Trailing-overlay sectors
For ~24% of entries the on-disc contiguous range to the next entry's start LBA is larger than the indexed payload — the trailing sectors carry overlay content the SCUS boot loader reads via a multi-sector ReadN past the TOC-claimed end. PROT entry 899 is the canonical example: indexed payload is 14 sectors (28 KiB, the options menu), but the on-disc footprint is 74 sectors — the trailing 60 sectors are the title-screen overlay code (see boot.md).
Archive::read_entry reads the full footprint; Archive::read_entry_indexed reads only the indexed sub-region.

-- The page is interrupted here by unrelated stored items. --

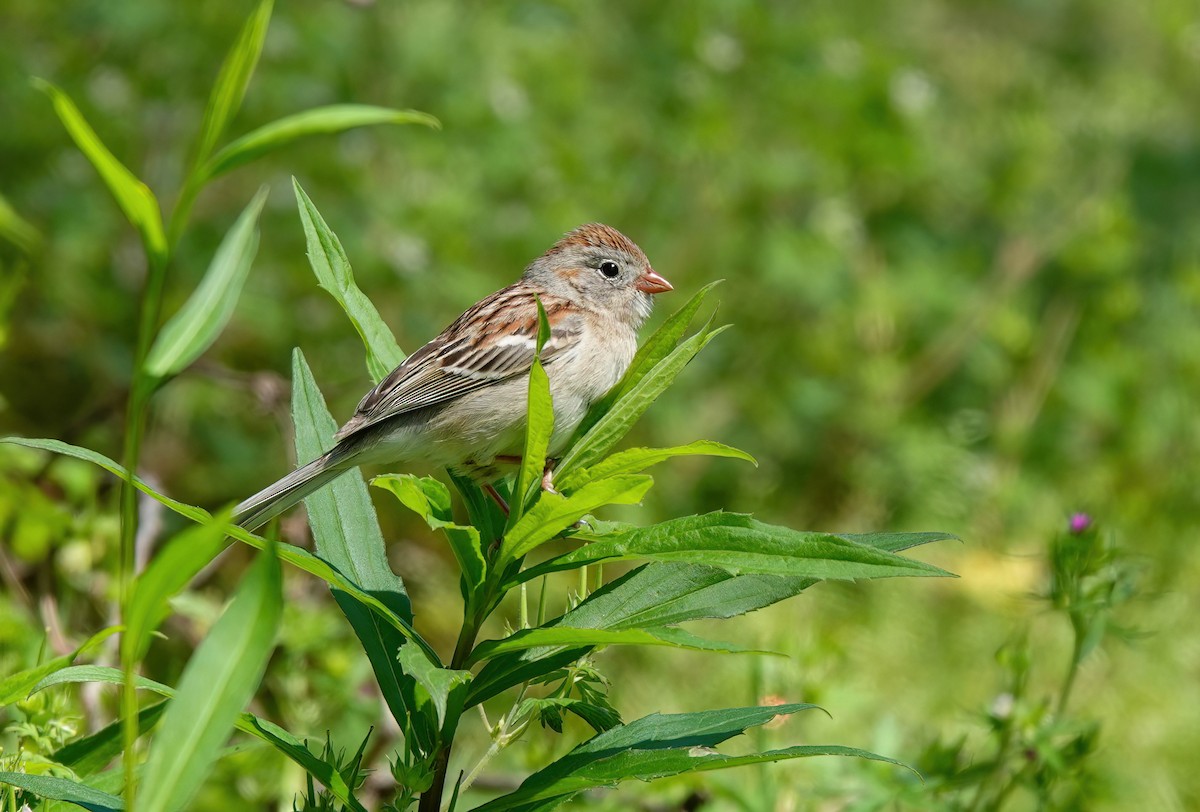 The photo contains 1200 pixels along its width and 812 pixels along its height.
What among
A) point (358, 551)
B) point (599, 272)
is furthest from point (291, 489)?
point (599, 272)

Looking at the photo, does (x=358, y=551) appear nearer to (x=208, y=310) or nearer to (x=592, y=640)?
(x=592, y=640)

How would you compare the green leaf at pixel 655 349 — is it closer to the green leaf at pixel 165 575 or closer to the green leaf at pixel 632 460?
the green leaf at pixel 632 460

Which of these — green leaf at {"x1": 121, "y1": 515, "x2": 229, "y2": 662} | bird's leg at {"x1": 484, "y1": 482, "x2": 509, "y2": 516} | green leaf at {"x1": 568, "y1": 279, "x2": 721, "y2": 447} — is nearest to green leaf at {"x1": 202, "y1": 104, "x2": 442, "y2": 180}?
green leaf at {"x1": 121, "y1": 515, "x2": 229, "y2": 662}

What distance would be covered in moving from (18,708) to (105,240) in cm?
257

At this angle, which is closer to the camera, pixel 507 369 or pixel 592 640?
pixel 592 640

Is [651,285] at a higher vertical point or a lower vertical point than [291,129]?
higher

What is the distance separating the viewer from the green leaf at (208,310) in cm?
100

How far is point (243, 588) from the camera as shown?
0.94 meters

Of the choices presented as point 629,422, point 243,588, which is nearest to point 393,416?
point 629,422

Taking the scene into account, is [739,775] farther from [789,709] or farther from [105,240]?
[105,240]

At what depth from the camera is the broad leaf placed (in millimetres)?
1492

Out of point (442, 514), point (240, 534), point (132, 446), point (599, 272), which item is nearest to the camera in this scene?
point (132, 446)

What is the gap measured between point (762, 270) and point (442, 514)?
345 centimetres

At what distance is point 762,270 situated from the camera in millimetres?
4734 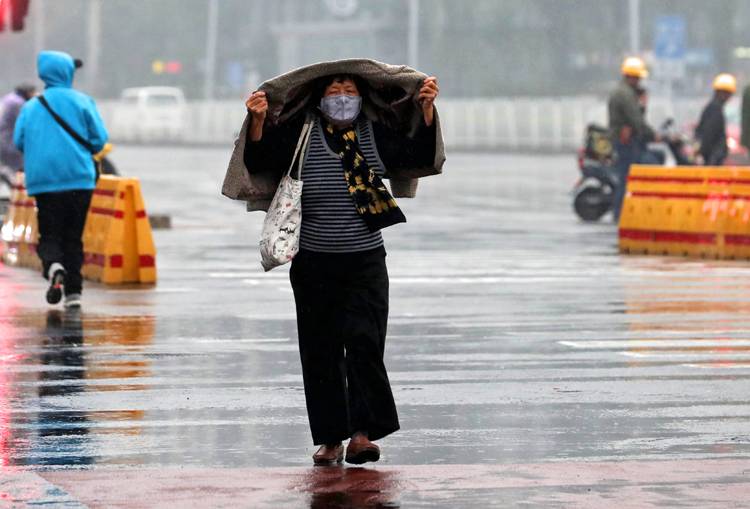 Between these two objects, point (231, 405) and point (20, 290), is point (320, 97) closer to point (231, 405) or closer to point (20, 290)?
point (231, 405)

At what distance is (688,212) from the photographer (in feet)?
72.1

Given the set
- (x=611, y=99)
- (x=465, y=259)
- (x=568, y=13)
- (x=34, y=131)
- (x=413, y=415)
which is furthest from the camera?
(x=568, y=13)

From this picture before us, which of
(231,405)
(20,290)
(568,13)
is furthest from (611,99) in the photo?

Scene-side parsers were designed for the indexed view and use read_entry_indexed via ProtIndex::entry_bytes; asset-viewer / disc-browser consumers use the full footprint so trailing-overlay content is visible.
> Historical note. An earlier Python proof-of-concept used start_lba = toc[p+5] - toc[p+2]. That subtraction actually computes the SIZE in sectors and was misinterpreted as the start LBA — under that math start_lba collapsed to a small relative offset within "block 0" of the file, and ~80% of PROT entries ended up reading the SAME few low-LBA byte ranges. Anything written using that formula's outputs is artefacted; trust only post-toc[p+2] extractions. The max(indexed, footprint) size extension is a later correction (the indexed formula alone misses trailing-overlay sectors for entries like 899).
In-RAM TOC
SCUS_942.54 keeps a transformed copy of the TOC at RAM address 0x801C70F0. Used at FUN_8003E8A8 (the LBA resolver):
start_lba = TABLE[(idx + 2) * 4 + 0x801C70F0]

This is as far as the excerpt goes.